■ **Data excerpts**:
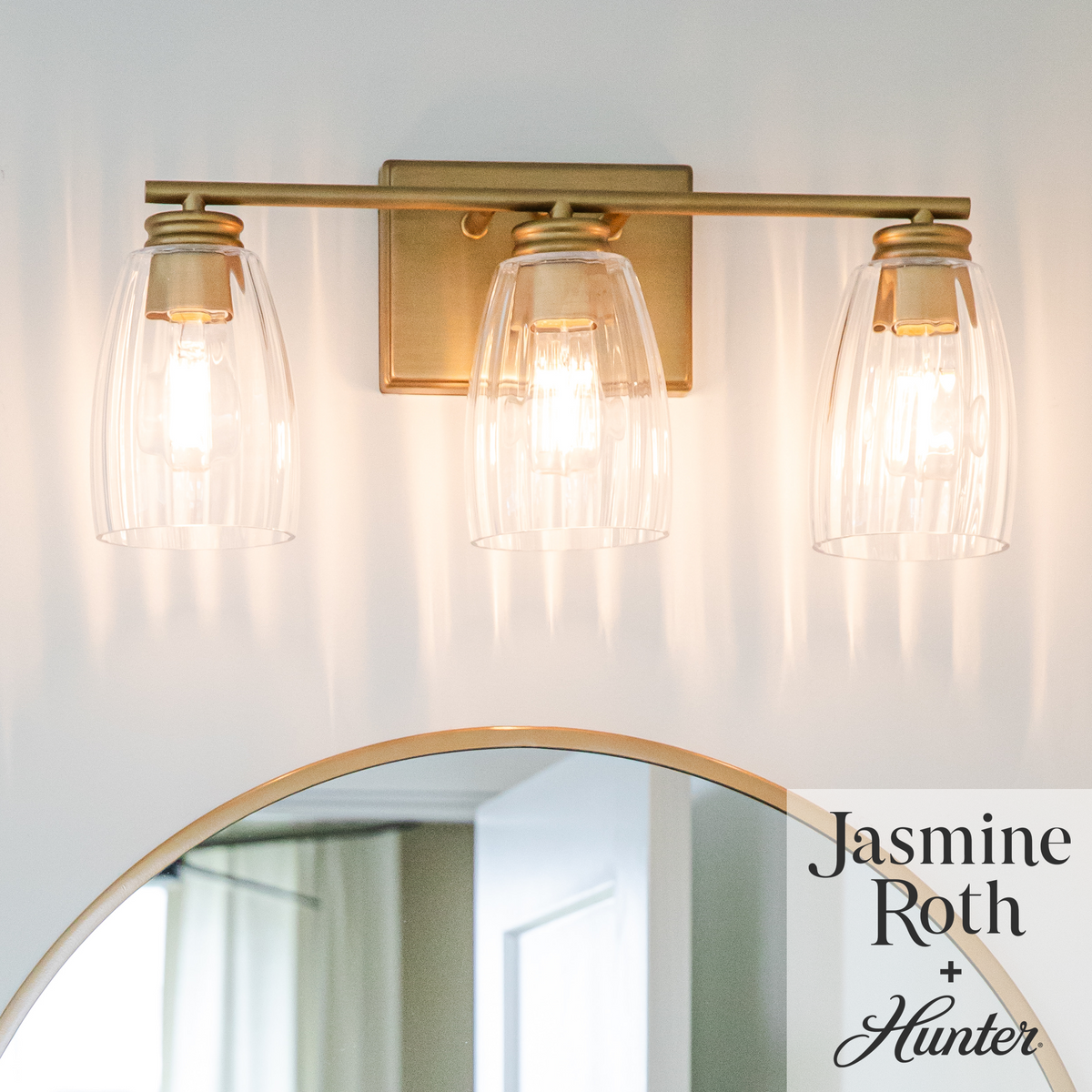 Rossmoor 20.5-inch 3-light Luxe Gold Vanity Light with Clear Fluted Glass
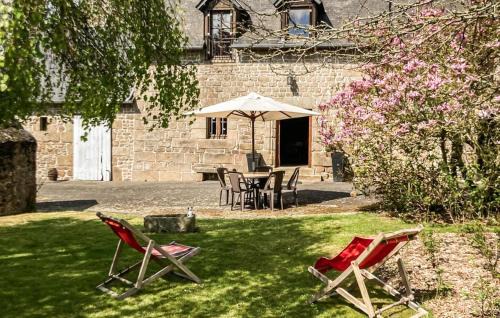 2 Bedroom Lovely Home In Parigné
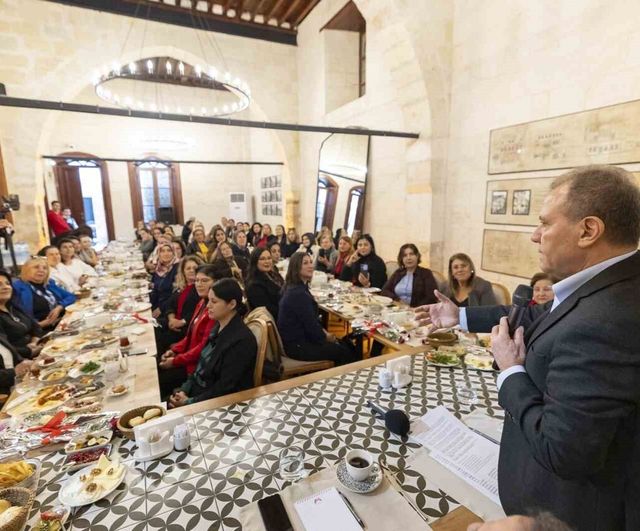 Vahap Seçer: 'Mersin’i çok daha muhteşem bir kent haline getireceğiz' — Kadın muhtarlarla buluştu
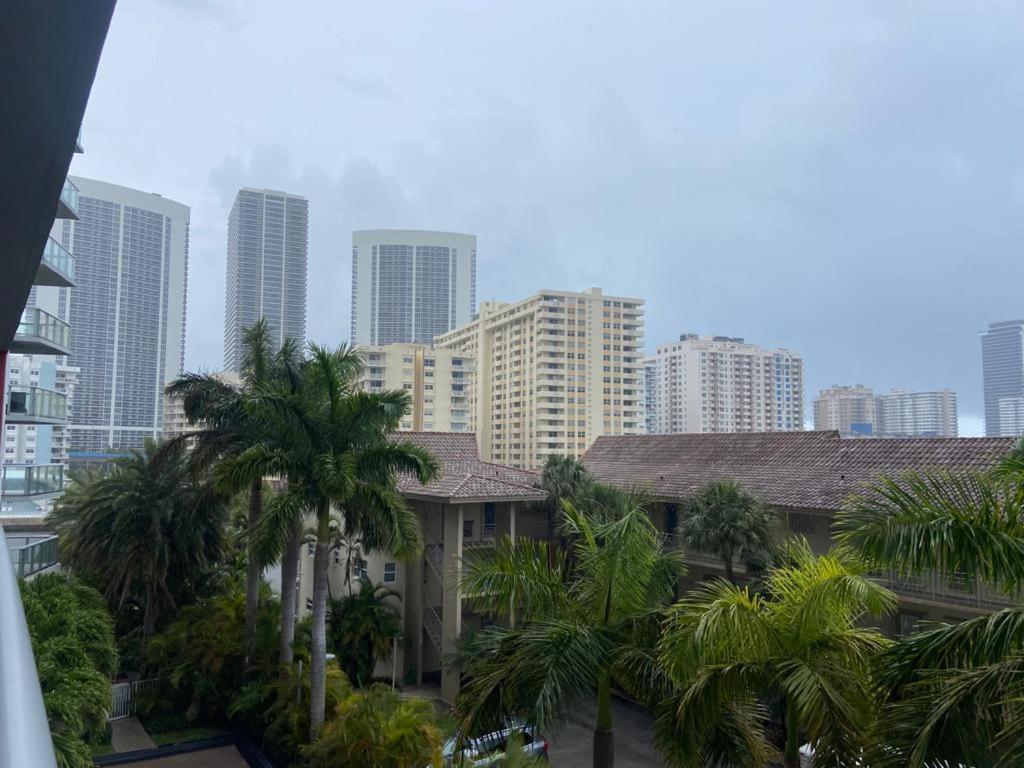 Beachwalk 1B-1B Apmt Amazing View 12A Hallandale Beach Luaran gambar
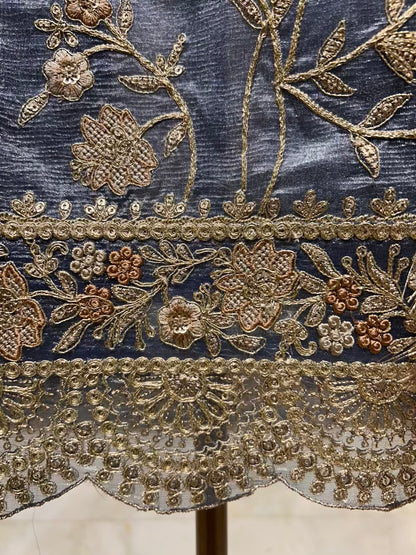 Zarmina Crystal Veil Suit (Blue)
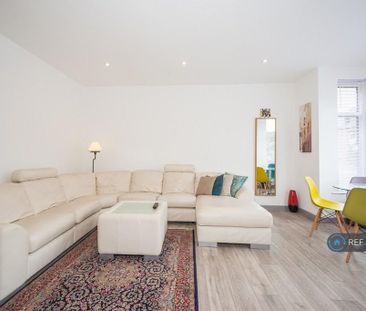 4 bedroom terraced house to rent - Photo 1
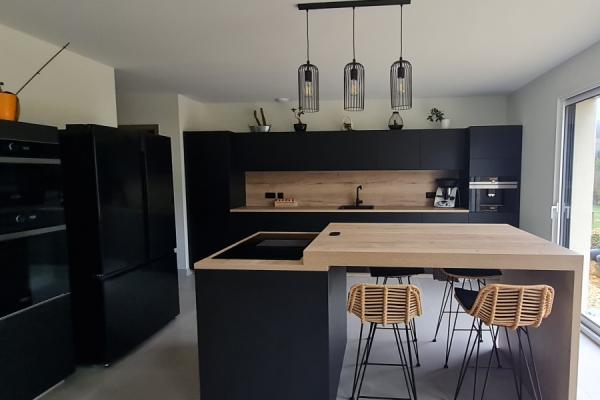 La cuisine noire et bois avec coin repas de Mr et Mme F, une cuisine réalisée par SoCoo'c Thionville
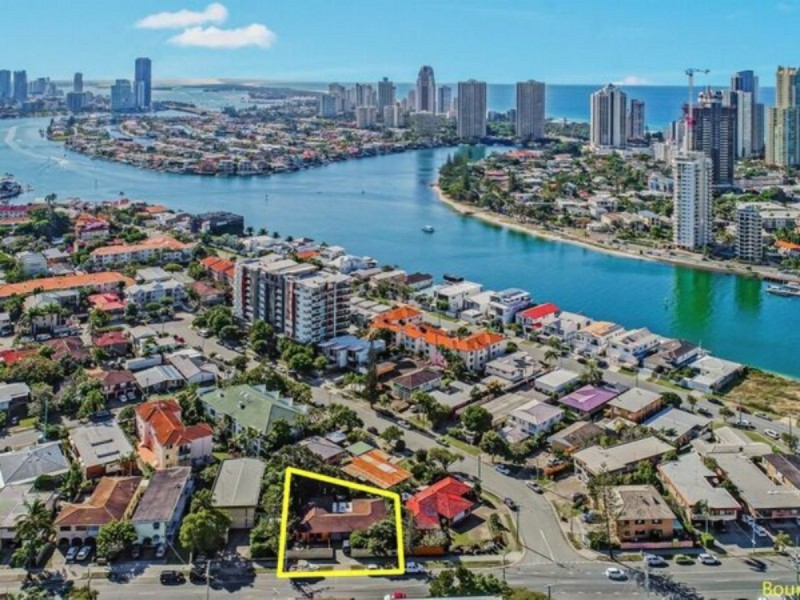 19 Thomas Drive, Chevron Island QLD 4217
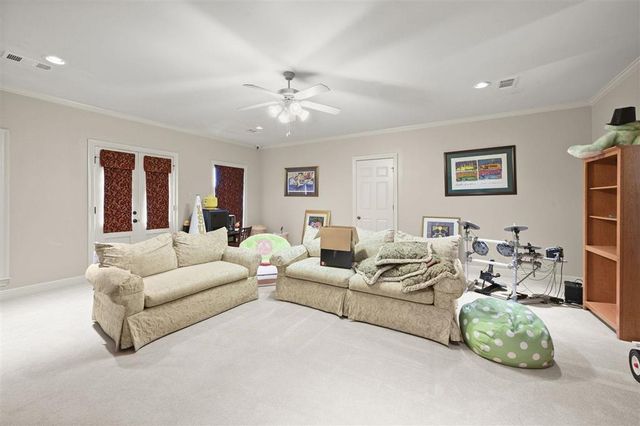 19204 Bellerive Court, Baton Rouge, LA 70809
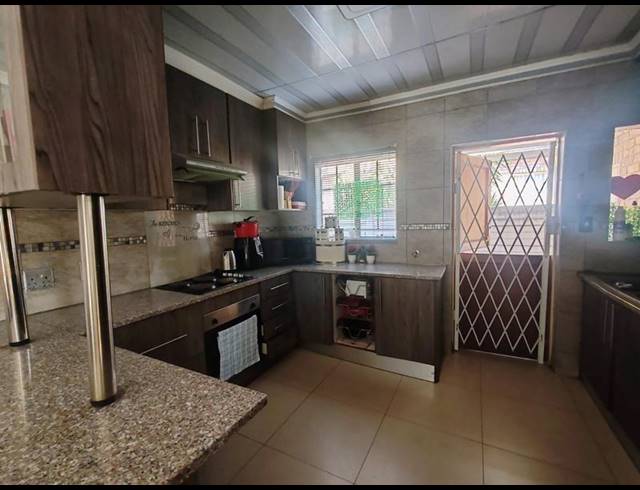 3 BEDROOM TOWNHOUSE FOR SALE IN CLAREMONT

■ **Task to complete**:
The entries above should be retyped word for word, with all pictures omitted.

■ **Result below**:
 Rossmoor 20.5-inch 3-light Luxe Gold Vanity Light with Clear Fluted Glass
 2 Bedroom Lovely Home In Parigné
 Vahap Seçer: 'Mersin’i çok daha muhteşem bir kent haline getireceğiz' — Kadın muhtarlarla buluştu
 Beachwalk 1B-1B Apmt Amazing View 12A Hallandale Beach Luaran gambar
 Zarmina Crystal Veil Suit (Blue)
 4 bedroom terraced house to rent - Photo 1
 La cuisine noire et bois avec coin repas de Mr et Mme F, une cuisine réalisée par SoCoo'c Thionville
 19 Thomas Drive, Chevron Island QLD 4217
 19204 Bellerive Court, Baton Rouge, LA 70809
 3 BEDROOM TOWNHOUSE FOR SALE IN CLAREMONT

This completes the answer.